Buffet should look more seriously at outside competition. And while he’s at it, he might want to scrutinize what is happening with emerging technologies such as blockchain, the distributed ledger system that has gained tons of notoriety via crypto-currencies, but has, perhaps, far more practicable application to industries such as insurance and finance.

Blockchain might ultimately be a boon to the insurance industry.  It has the potential, for instance, to eliminate fraud, a $40 billion a year problem for the insurance industry today, according to the FBI.

It is also likely to disrupt virtually every aspect of every process that exists today. And once those processes are disrupted, a very handy opportunity for an upstart opens, an upstart that is unencumbered with the legacy of this is the “way we do things around here.” The upstart will then completely upset the traditional insurance industry with a brand-new way of “doing things around here.”

Amazon is the new Sears

Bezos, conversely, is predicting and even anticipating this disruptive event. In his comments to employees, he went as far as to compare Amazon to Sears.

It’s hard to appreciate now, but Sears was the Amazon of its time. It was the paragon of retailing, right to the very tip of its landmark Sears Tower, which at the time of the company’s apex, was, appropriately, the tallest building in the world.

Like Amazon, Sears grew and grew. It had its own product lines for appliances, tools, and clothing. And then it ventured completely outside its traditional core business. It went into insurance, the brokerage business and real estate. It went into credit cards and credit card financing. And does anyone remember Prodigy? This was Sears’s joint venture with IBM for an online service, long before the World Wide Web.

There’s been lots written about the demise of Sears, but, at the risk of over simplification, Sears took its eye off the ball. With the massive holdings in so many adjacent industries, it did not react quickly enough to discount stores, factory outlets, WalMart and online retailing.

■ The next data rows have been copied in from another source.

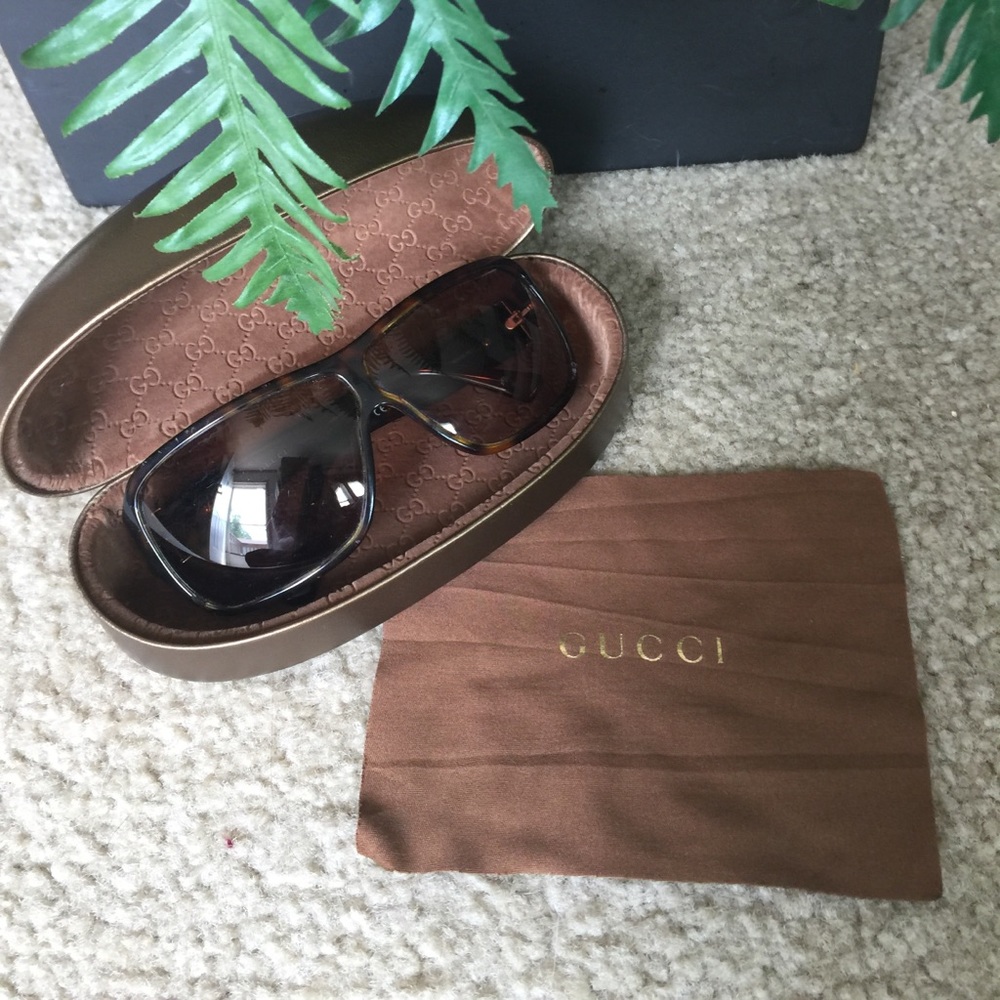 SOLD - GUCCI:  Flash Sale!!! Authentic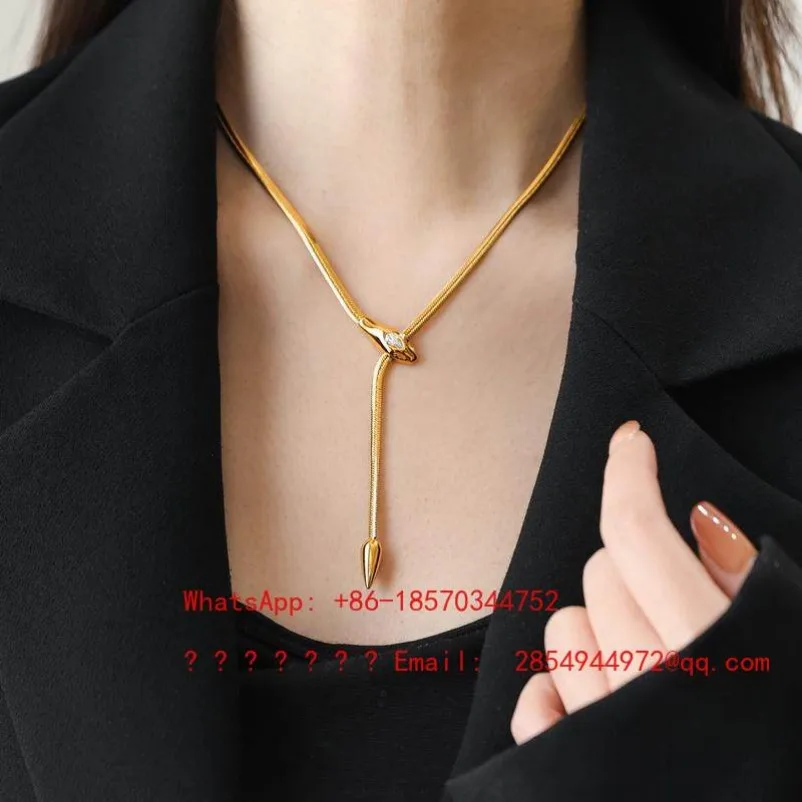 collana-di-lusso-in-oro-a-forma-di-osso-di-serpente-design-esclusivo-e-raffinato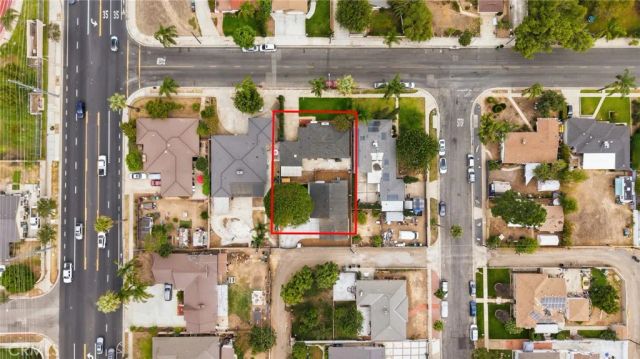 1050 W Olive Street, Corona, CA 92882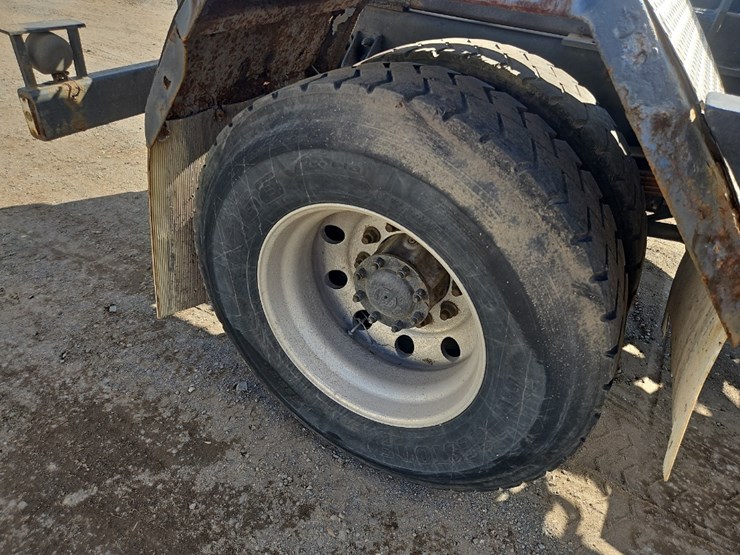 2017-kenworth-t370-image-16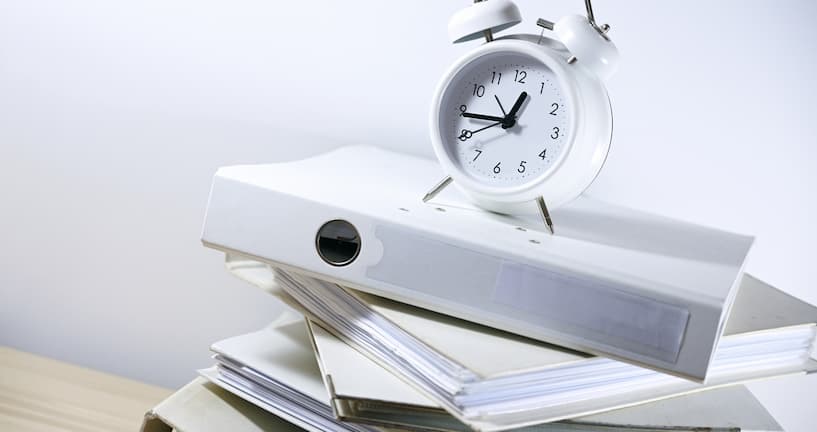 Wecker steht auf Akten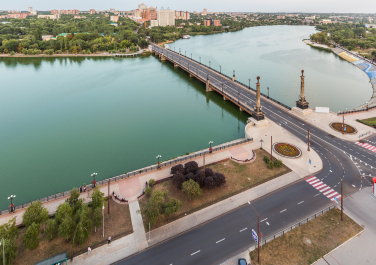 Мост через Кальмиус по проспекту Ильича (Донецк)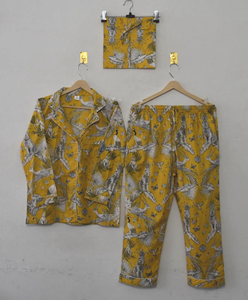 Pijama de Algodón con Estampado Safari Color Mostaza Dorado Vibrante, Transpirable, de Secado Rápido, con Botones, Camisa de Manga Larga y Pantalones Largos para Verano - Product Image 1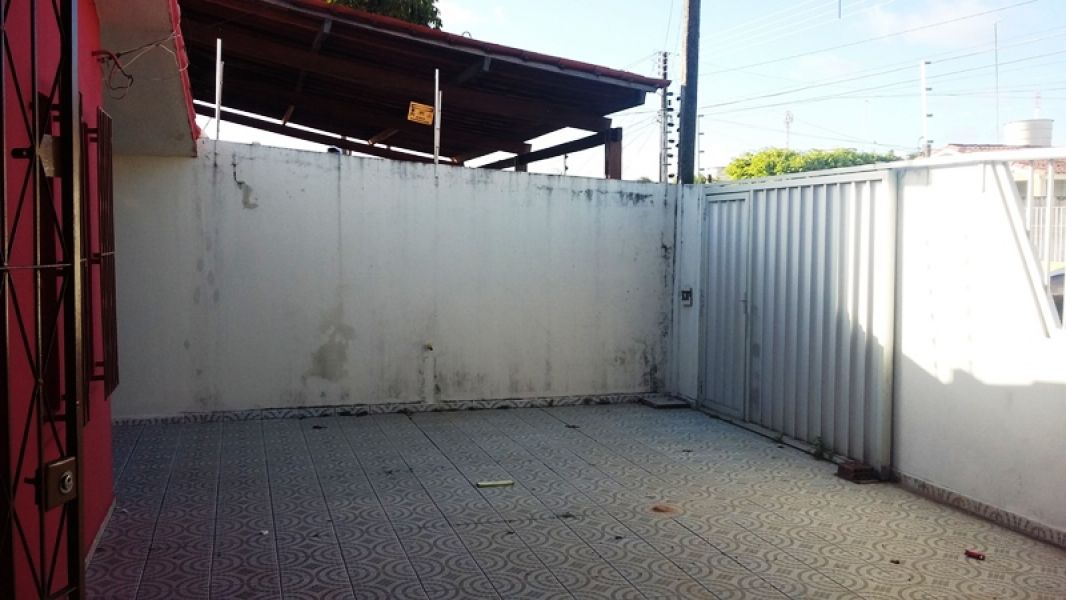 Casa, 85m², 2/4, sendo 1 suíte - Parnamirim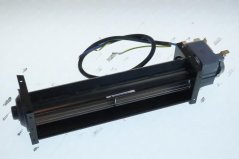 Tangential-Ventilator mat engem laangen zylindreschem Schaufelrotor an engem Konnektor um engen Enn.
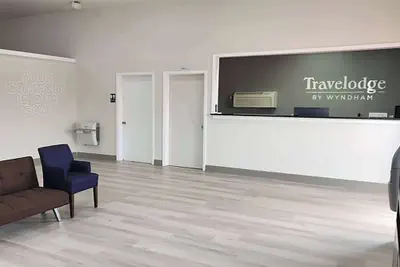 Photo 3 - Travelodge by Wyndham Kingsland GA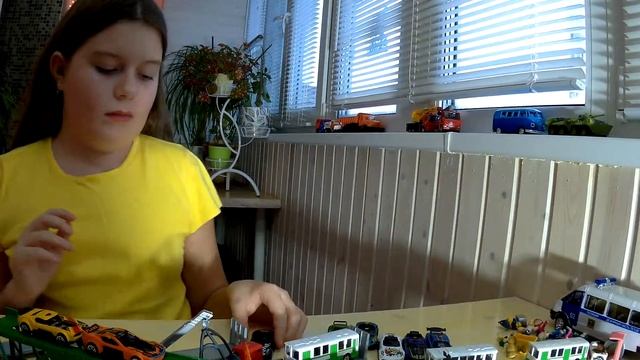 Маленькие металлические машинки модельки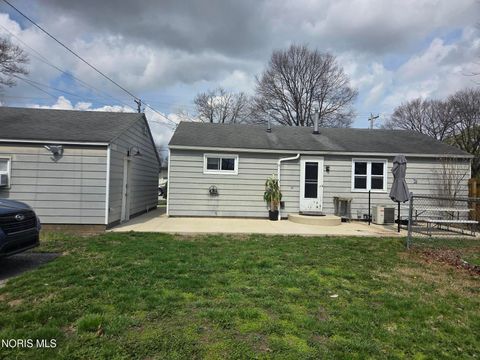 Tiny photo for 617 Lynn Street, Findlay, OH 45840 (MLS # 10005942)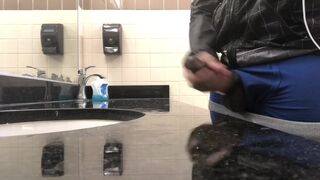 BBC JERKOFF SPUNK FOUNTAIN IN PUBLIC BATHS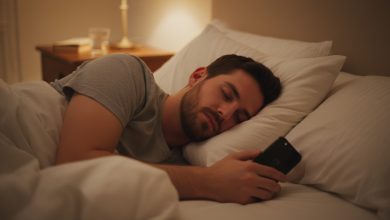 Per tre settimane mio marito ha chiamato un nome sconosciuto nel sonno — quindi ho fatto una telefonata che lui non si aspettava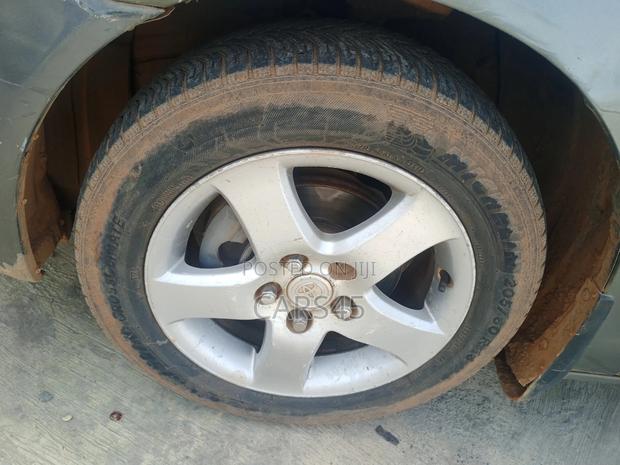 Toyota Camry 2006 Gray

And when it did react, it was too little, too late. It went from an attitude of “if it ain’t broke, don’t fix it,” to “it’s broke and we don’t know how to fix it.” Sears attempted to return to its roots of retailing, downsizing itself out of existence in the process. The rest, as they say, is history. A history that Jeff Bezos now tells us is inevitable.

Now, the skeptic or cynic might be reading between the lines regarding the Bezos comments, since the timing was coincident with rumblings from the White House about possible anti-trust action against Amazon, Google and other tech giants. Amazon may also be next in line (after Facebook and Google) for the proverbial slap on the wrist from the European Union on charges of predatory pricing.

And what Bezos didn’t emphasize to his employees was just how disruptive Amazon has been and continues to be. The company, which started out with the goal of “being the bookseller to the world,” has taken over e-retailing, is making its mark in streaming video with Amazon Prime, in brick and mortar with Whole Foods, and it has essentially created and dominates the cloud computing industry with Amazon Web Services.

But Bezos is simply emphasizing that as rich and powerful as he and his company are, there is no one individual or company that is invulnerable.

Moreover, he emphasized in his message to employees this cold hard fact: the pace of disruption is accelerating. The average life cycle of companies has decreased from 100 years to around 30 years.

When you consider that Amazon was founded in 1995, you can easily do the math to see that his company is racing headlong toward its 30-year anniversary. Is his timing off? Maybe, maybe not. But consider some precedence in the matter:

Blockbuster made it to the ripe old age of 28 years.

Scott McNealy, the CEO at Sun, used to quip: “Eat lunch or be lunch.”  Sun got eaten. It took about 28 years.

The pace is accelerating. No company or industry is immune.